Short descriptive text snippets =
• • • •
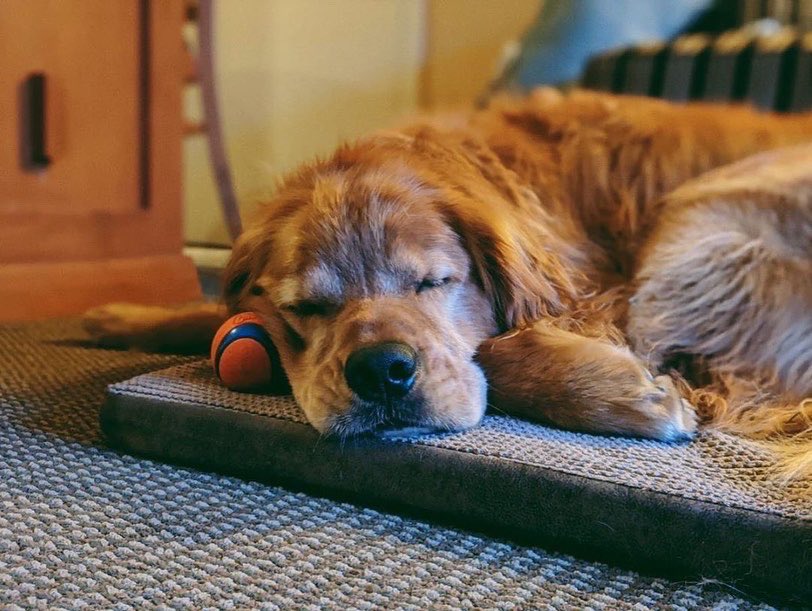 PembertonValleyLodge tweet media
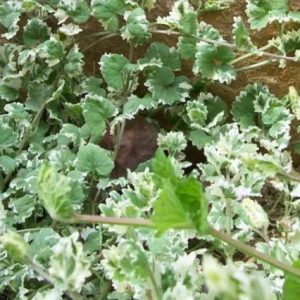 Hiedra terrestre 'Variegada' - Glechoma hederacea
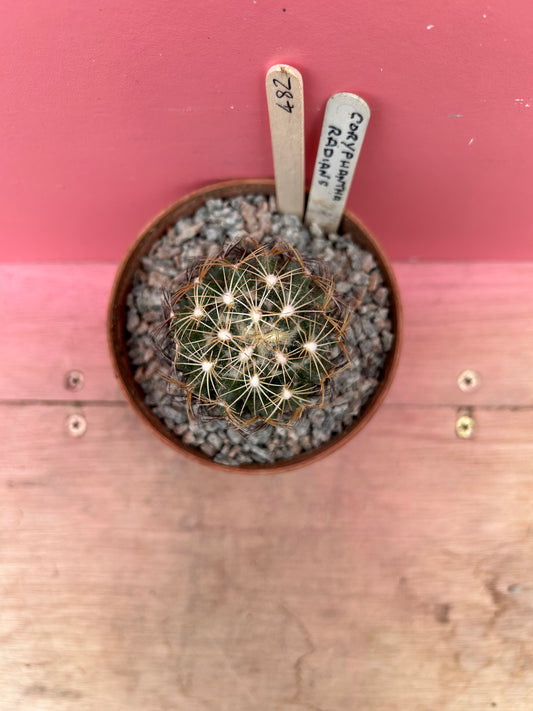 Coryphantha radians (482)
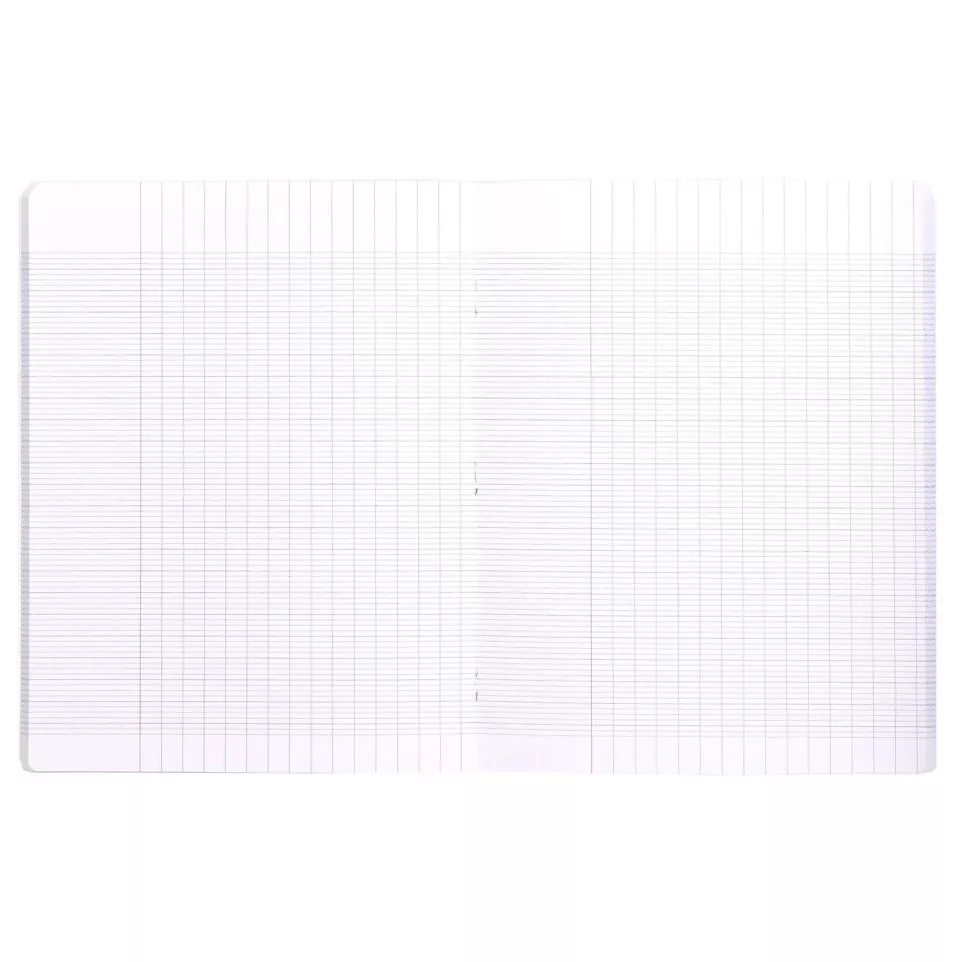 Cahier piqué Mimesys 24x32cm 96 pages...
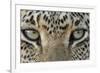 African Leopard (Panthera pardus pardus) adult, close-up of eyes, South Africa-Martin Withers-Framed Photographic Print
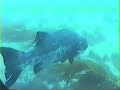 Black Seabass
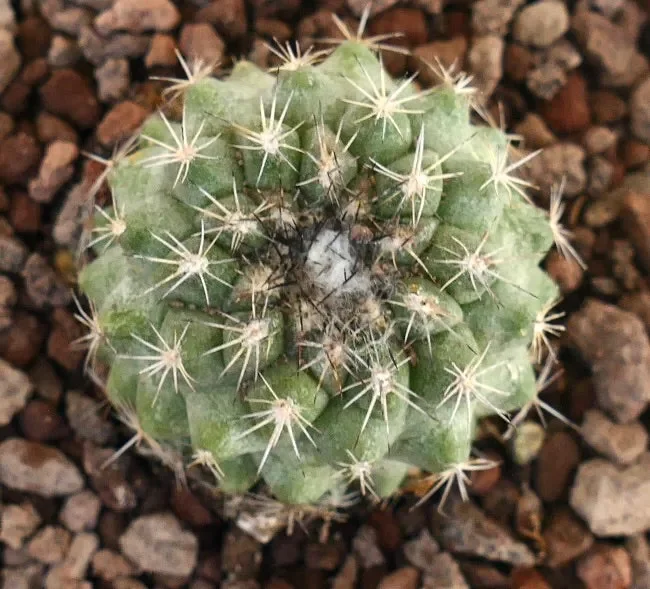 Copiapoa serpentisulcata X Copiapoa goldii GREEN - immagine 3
• • • •
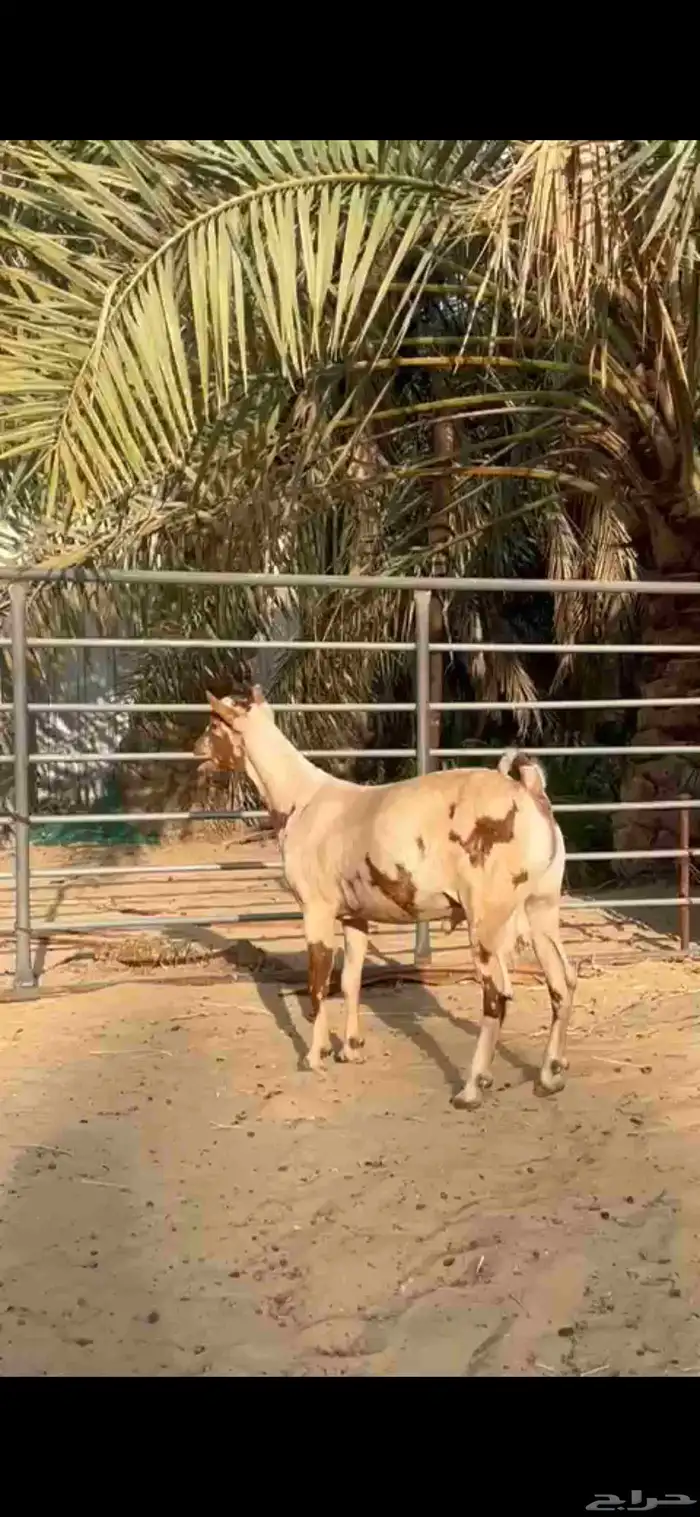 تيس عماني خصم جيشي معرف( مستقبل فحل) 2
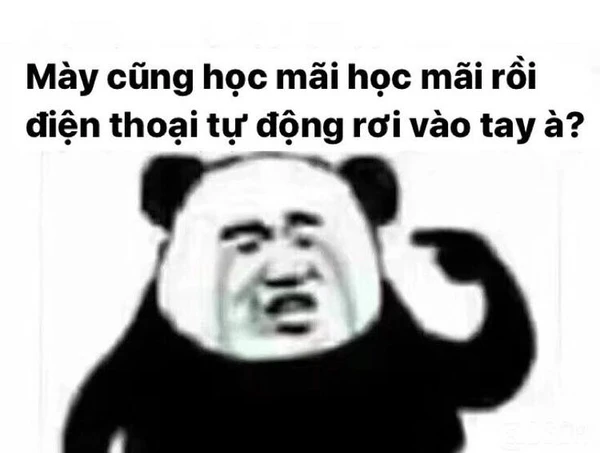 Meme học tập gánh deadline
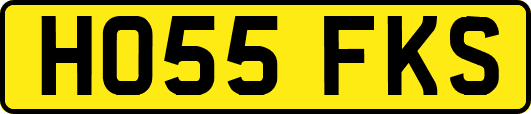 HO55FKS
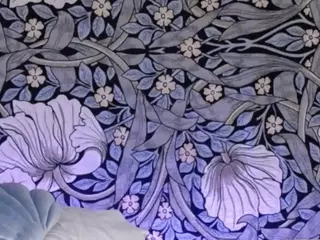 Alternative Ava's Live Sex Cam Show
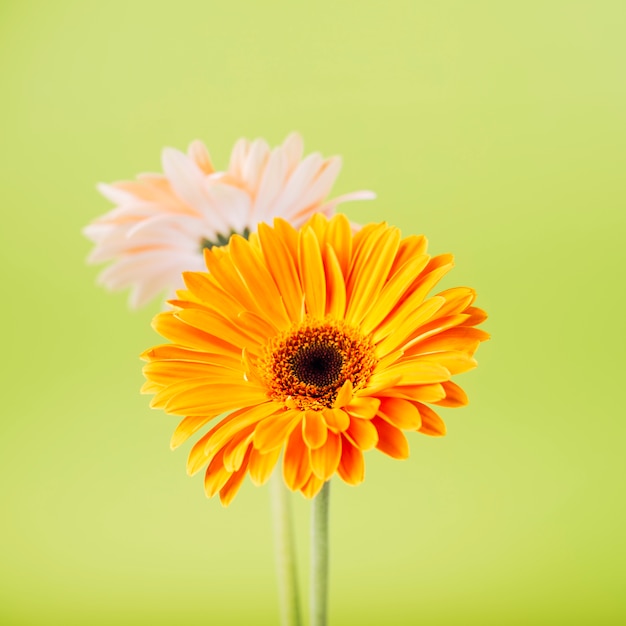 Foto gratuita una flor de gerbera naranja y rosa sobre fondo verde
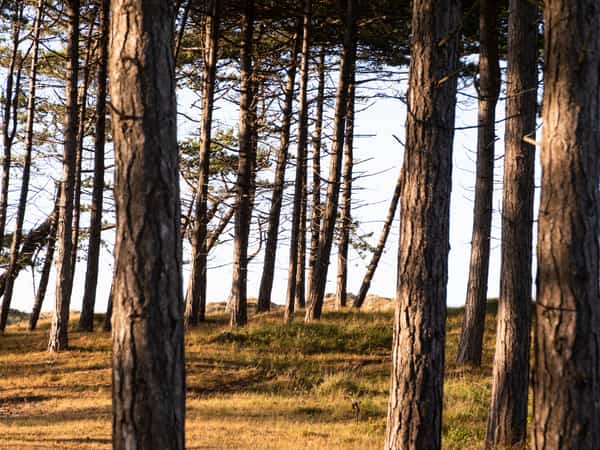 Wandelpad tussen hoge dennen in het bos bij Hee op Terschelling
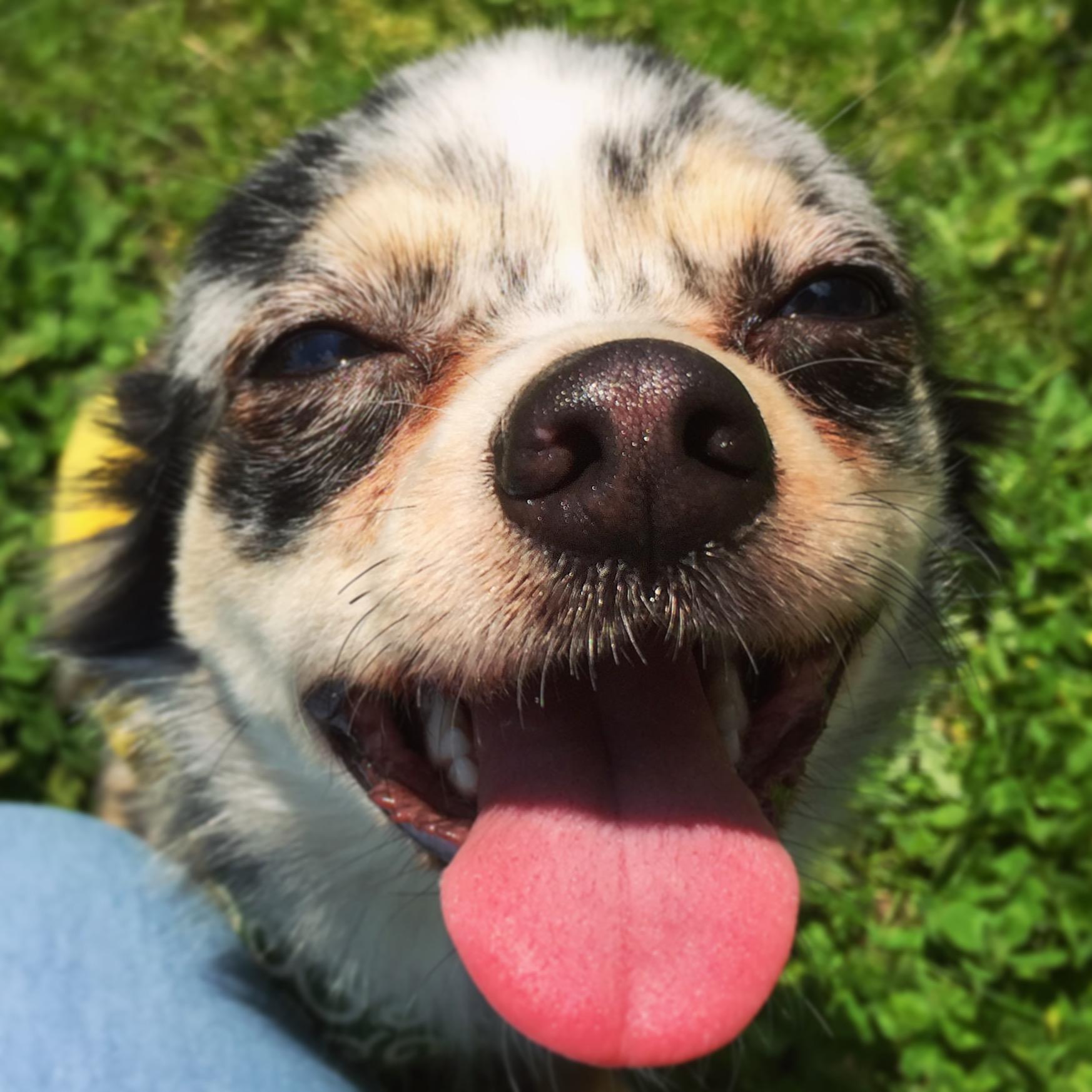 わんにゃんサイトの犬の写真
• • • •
EXERCISE DIRECTIONS = Text only, no pictures: please print exactly the lines above from the line with "Foto gratuita una" up to and including the line with "わんにゃんサイトの犬の写真", and nothing else.

RESULT =
 Foto gratuita una flor de gerbera naranja y rosa sobre fondo verde
 Wandelpad tussen hoge dennen in het bos bij Hee op Terschelling
 わんにゃんサイトの犬の写真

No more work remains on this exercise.